Het proces tegen Heijmans, KWS, Koop Tjuchem en BAM en de twaalf werknemers begon in oktober en liep sindsdien met regelmatige onderbrekingen. De aanklacht van het maken van verboden afspraken, oplichting, valsheid in geschrifte en deelname aan een criminele organisatie is vastgelegd in vijftig lijvige dossiermappen. Die dossiers zijn opgebouwd gedurende een onderzoek dat eind november 2001 begon, kort nadat de zogenoemde schaduwboekhouding van klokkenluider Ad Bos werd geopenbaard in het televisieprogramma Zembla.
Tijdens de behandeling is door vormfouten van het Openbaar Ministerie een deel van de oorspronkelijke aanklachten vervallen. De vier bedrijven worden niet vervolgd voor het plegen van vooroverleg. Die aanklacht tegen hen is verjaard. Ook een manager van BAM en drie van Heijmans zijn daarvan vrijgepleit.
De procesdagen zijn redelijk rustig verlopen, zonder dat opvallende nieuwe feiten boven water kwamen. Dat kwam mede doordat de betrokken managers zich, op een enkeling na, niet lieten zien. Ze vonden dat ze al genoeg aan de schandpaal waren genageld. Hun advocaten namen de honneurs waar. Drie van de vier verdachten van KWS waren wel aanwezig, maar zij gingen niet inhoudelijk in op de zaak. De verdachten stelden vooral dat ze niet begrepen waarom juist zij verantwoordelijk waren gesteld voor een probleem wat in de hele bouwwereld speelde.
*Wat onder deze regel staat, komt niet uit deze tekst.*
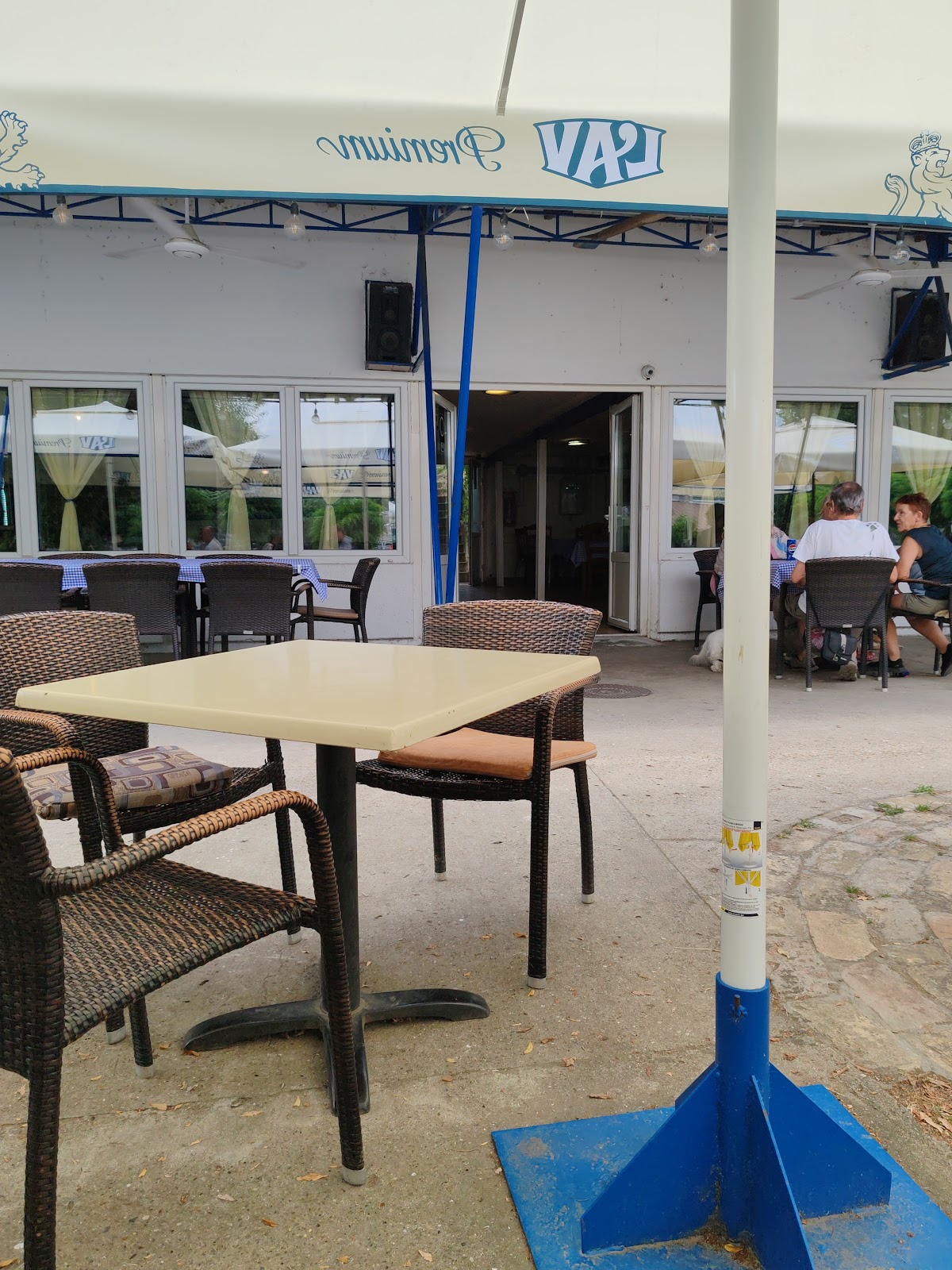 Čarda Jedro - Restorani u Novom Sadu
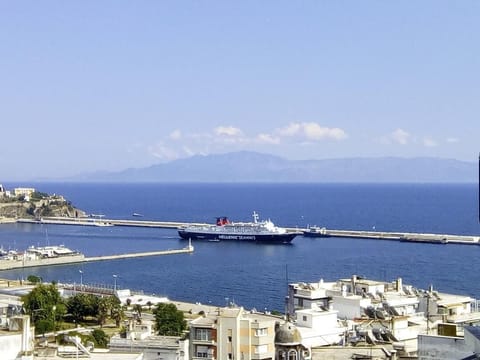 Stunning Sea View Apartment Apartment in Kavala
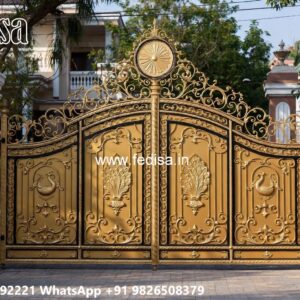 Building Gate Design, Top 100 Main Gate Designs For Modern Homes 2026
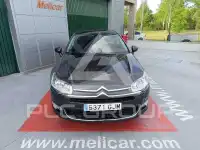 2008 Citroen C5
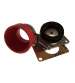 TOBERA DE ADMISIÓN DERBI E2 / E3 CONEXIÓN 35/36 MM. - RQ - R: 012106
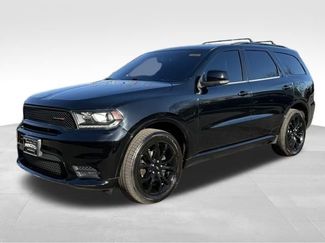 Used 2020 Dodge Durango GT video 3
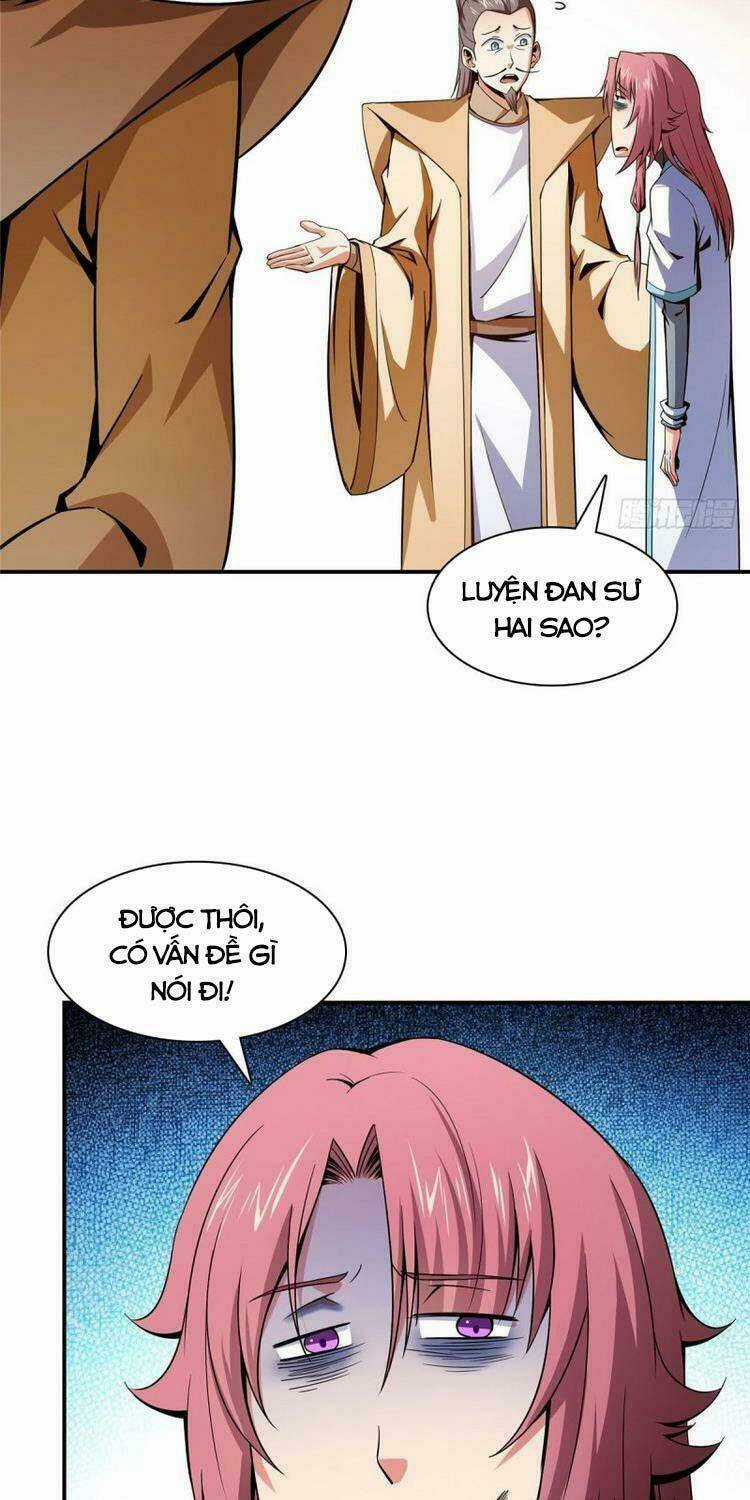 Thiên Đạo Đồ Thư Quán Chapter 106 trang 10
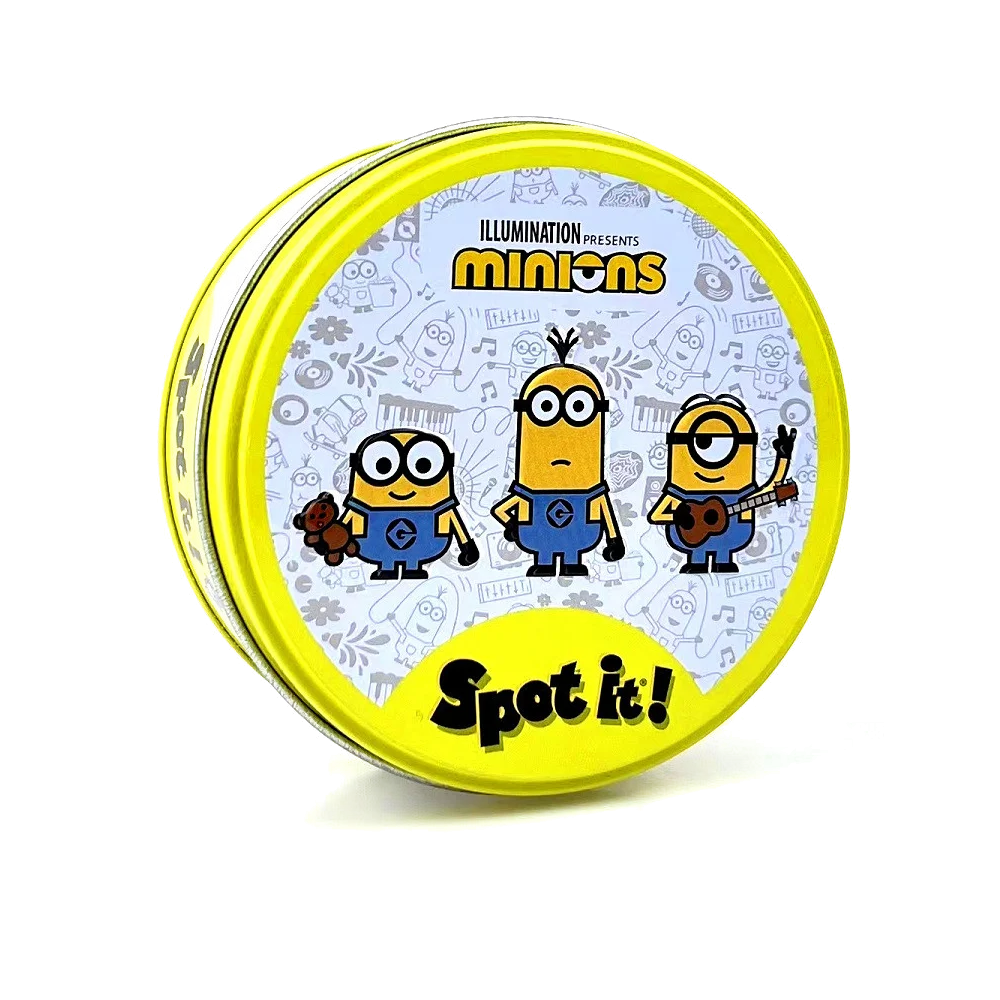 Mini card game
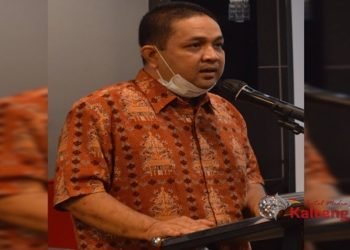PWI Kalteng Kembali Gelar Orientasi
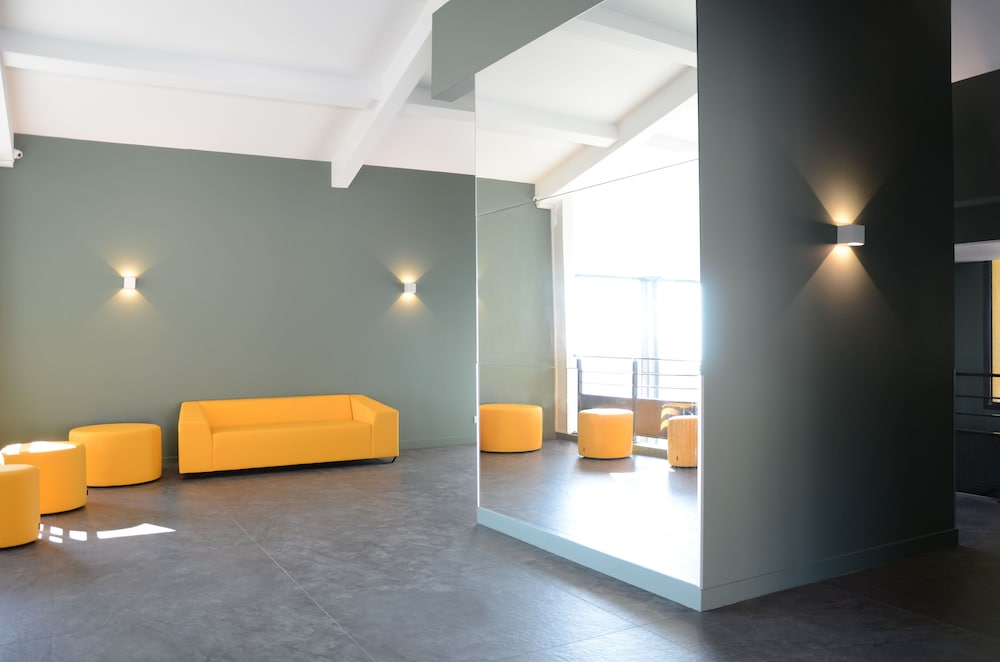 la perle deze appart hotel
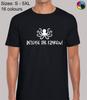 Release The Kraken Cool Video Game Fan Novelty T-Shirt Top Gift for Men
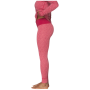 Dámske funkčné spodky Devold Signature Silk 230 Longs Wmn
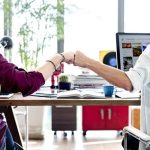 Improving The Relationship Between Sales & Marketing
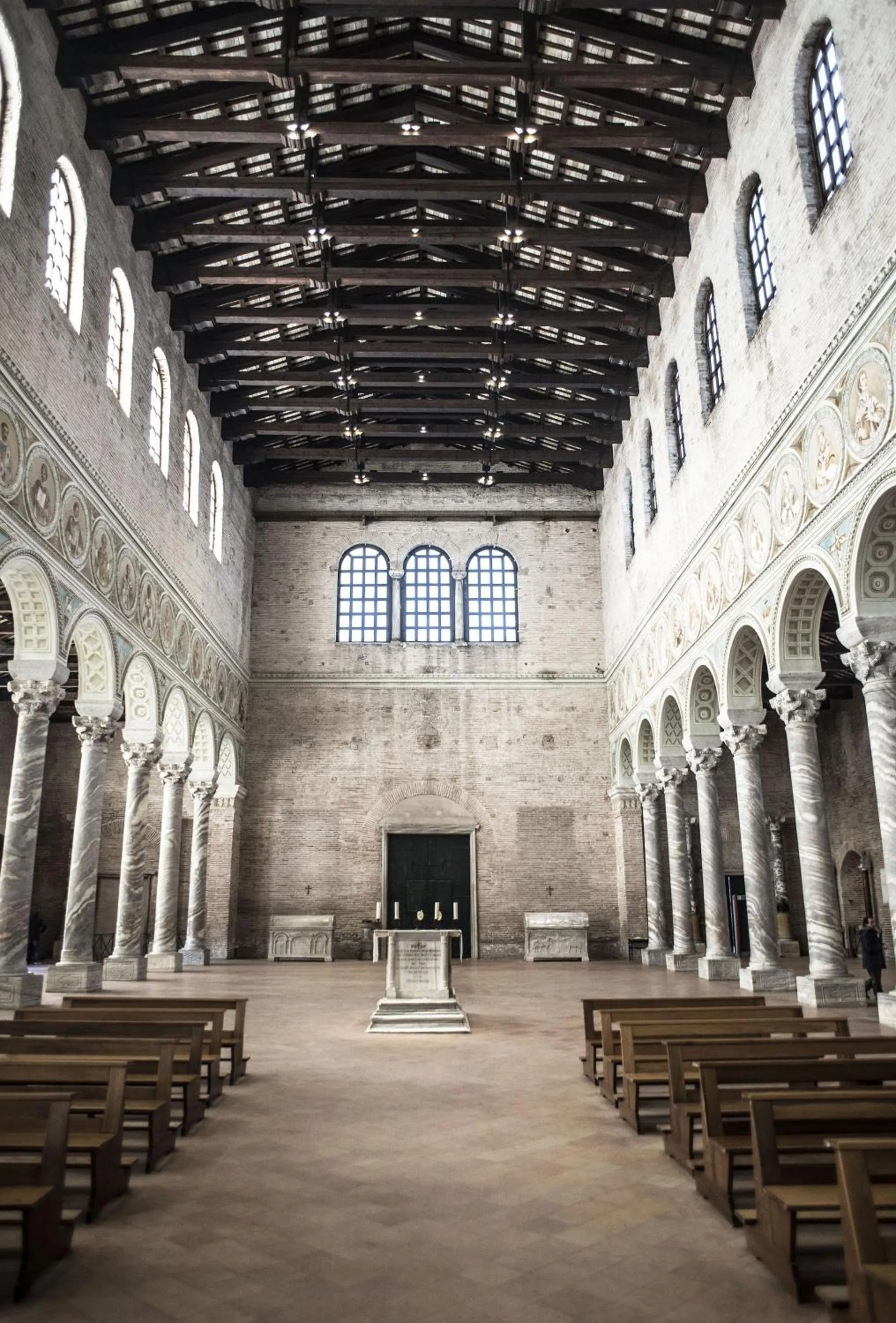 Landmark view in Hotel Classensis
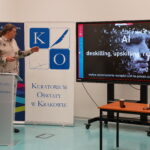 dr Stefan Nowicki, prelegent konferencji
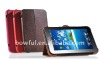 BE-EB001(C')   fashion Genuine leather case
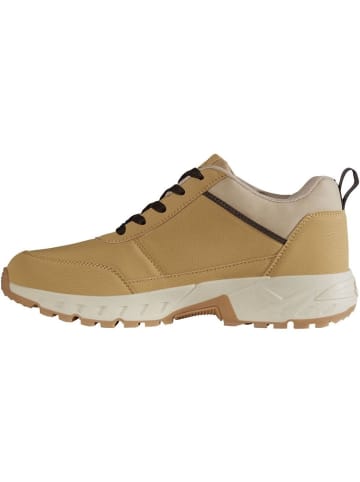 Lotto Sneaker "Sneaker" in Braun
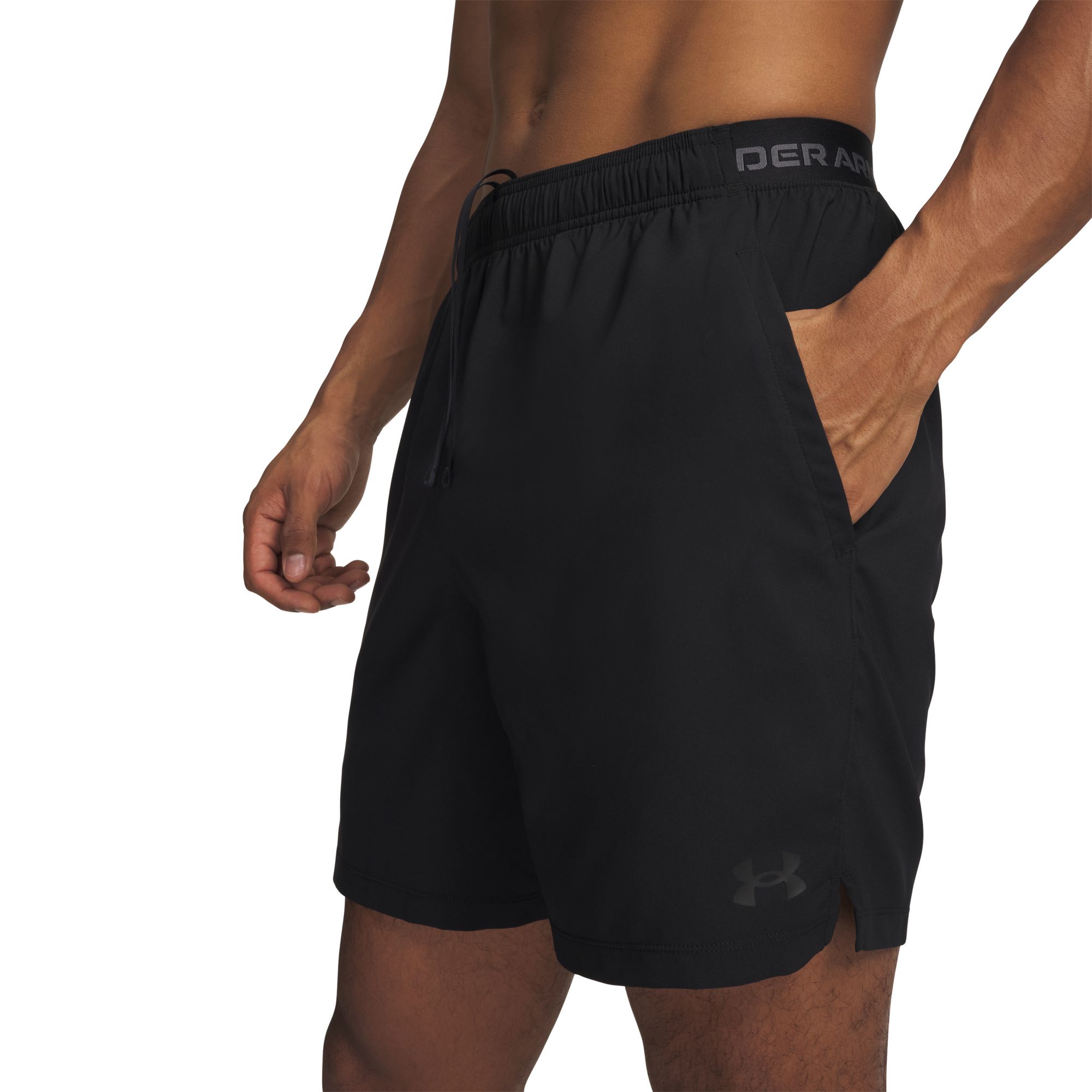 Under Armour Men's Vanish 2.0 Woven 6'' Shorts product image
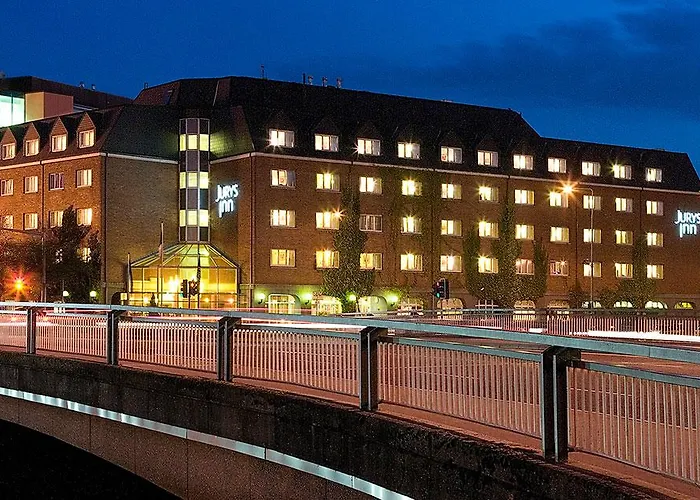 Leonardo Hotel Cork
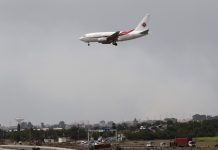 El mal tiempo fue la causa del siniestro del avión Air Algerie
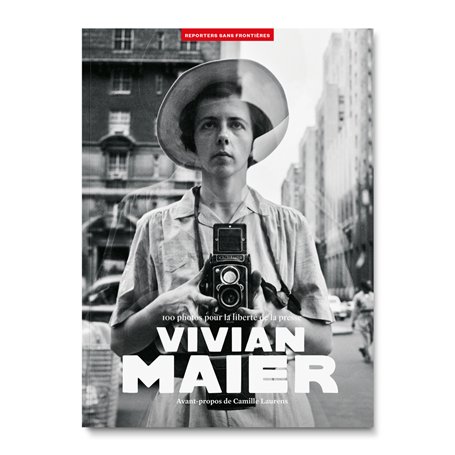 Album - 100 photos pour la liberté de la presse - Volume 79 Printemps 2025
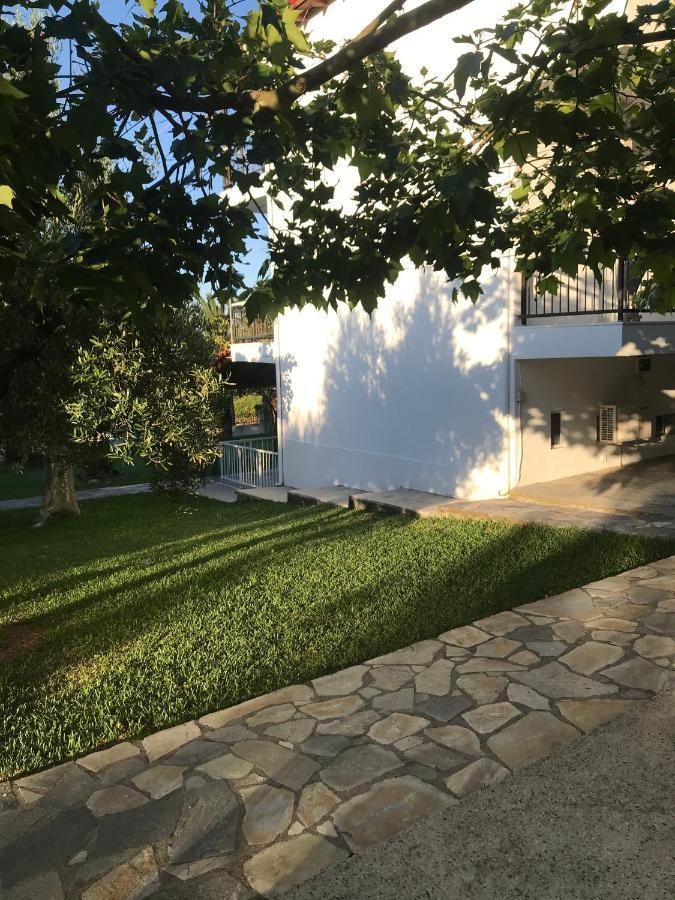 Apartamento Barbara House Kriopigi Exterior foto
De meeste advocaten hebben al laten doorschemeren dat zij geen genoegen zullen nemen met het oordeel van de rechtbank en desnoods door zullen procederen tot aan het Europese Hof. Zij menen dat in Europa andere maatschaven gelden waar het gaat om een strafproces aan de ene kant en een parlementair onderzoek aan de andere kant. In dit geval zijn tijdens de parlementaire enquêtecommissie naar de bouwfraude aannemers als getuige gehoord die in het proces als verdachte moesten opdraven. Ook vinden de advocaten de keus van het OM voor enkele bedrijven in slechts één sector van de bouw, de wegenbouw, arbitrair.